Design Instagram

Mid

Photo upload, feed generation, follow graph, search by hashtag; mostly read-heavy.

Required building blocks

Object Storage (Blob)

CDN

Cache-Aside (Lazy Loading)

Wide-Column Store

Search Index

Sharding

Nice to have

Pub/Sub

Load Balancer

Canonical answer

Images on object storage behind a content delivery network (CDN). Feed via fan-out (push or hybrid).
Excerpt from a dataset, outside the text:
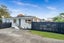 1/34 Imogene Way, Half Moon Bay, Auckland - Carousel 15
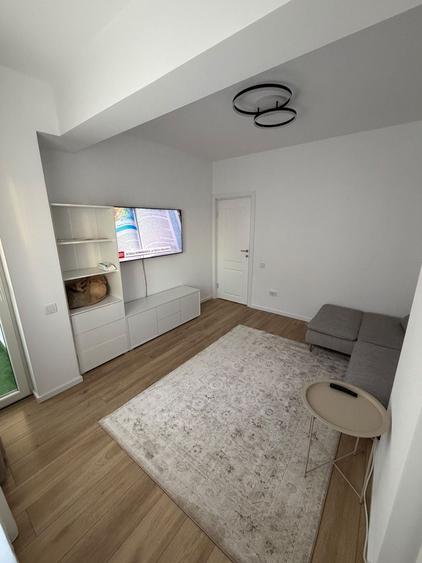De inchiriat -2 camere decomandat | 1 min Metrou Dimitrie Leonida | Proprietar - 2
Hashtag search via inverted index.

Capacity estimation

2B users, 500M DAU; ~100M photo uploads/day → ~1,200 writes/sec, ~3K at peak.
Avg photo 500 KB + thumbnails → ~75 TB/day to object storage, ~27 PB/year.
Feed reads: 500M DAU × 50 feed loads/day → 25B reads/day ≈ 290K reads/sec, ~700K at peak.
Feed cache: 500M users × 500 cached post IDs × 16 B ≈ 4 TB in Redis cluster.
Follow graph: 500M × avg 150 follows × 16 B ≈ 1.2 TB; sharded by follower_id.
Content delivery network (CDN) serves ~98% of image bytes; origin egress ~1.5 PB/day.

Architecture

Mobile ─→ CDN (images) ─→ Object Storage (S3)
                              ▲
                              │ writes
                       Upload Service
                              │
                              ▼
                     Image Pipeline (resize/exif strip)
                              │
                              ▼
                          Kafka
                ┌─────────────┼─────────────┐
                ▼             ▼             ▼
         Feed Fan-out    Indexer        Notification
                │      (Elasticsearch)   Service
                ▼
        Redis Feed Cache ◀── Feed API ◀── API Gateway ◀── Mobile
                │
                ▼
        Cassandra (posts, by user_id+ts)

API

POST /media (multipart) → { media_id, cdn_url, thumb_url }
POST /posts { media_id, caption, hashtags[] } → { post_id, created_at }
GET /feed?cursor=… → { posts[], next_cursor }
POST /follow { user_id } → 204
GET /search/hashtag/:tag → { posts[], next_cursor }
POST /posts/:id/like → { like_count }

Data model

posts (wide-column, partition = user_id, cluster = ts DESC):
  post_id (PK)    : snowflake
  user_id         : uuid
  media_ids       : list<uuid>
  caption         : string
  hashtags        : list<string>
  created_at      : timestamp

feeds (Redis, key = "feed:{user_id}"):
  list of post_id : capped at ~500 entries
  ttl             : 7d (rebuild on miss)

follows (wide-column, partition = follower_id):
  follower_id     : uuid
  followee_id     : uuid
  created_at      : timestamp

hashtag_index (Elasticsearch):
  hashtag, post_id, ts, user_id, like_count

Concept blurbs

Object Storage (Blob)

Cheap durable storage for large immutable blobs (S3, GCS).

CDN

Edge-cached static (and sometimes dynamic) content close to users via a CDN (Content Delivery Network).

Cache-Aside (Lazy Loading)

App reads cache first; on miss, loads from DB and populates cache.

Wide-Column Store

Sparse rows over many columns; time-series friendly (Cassandra, HBase, Bigtable).

Search Index

Inverted index for full-text search and faceting (Elasticsearch, OpenSearch).

Sharding

Partition data across DB instances by key (hash, range, or geography).

Pub/Sub

Fan-out events to many subscribers; topic-based (Kafka, SNS, Redis pub/sub).

Load Balancer

Distribute requests across healthy backends (L4 or L7).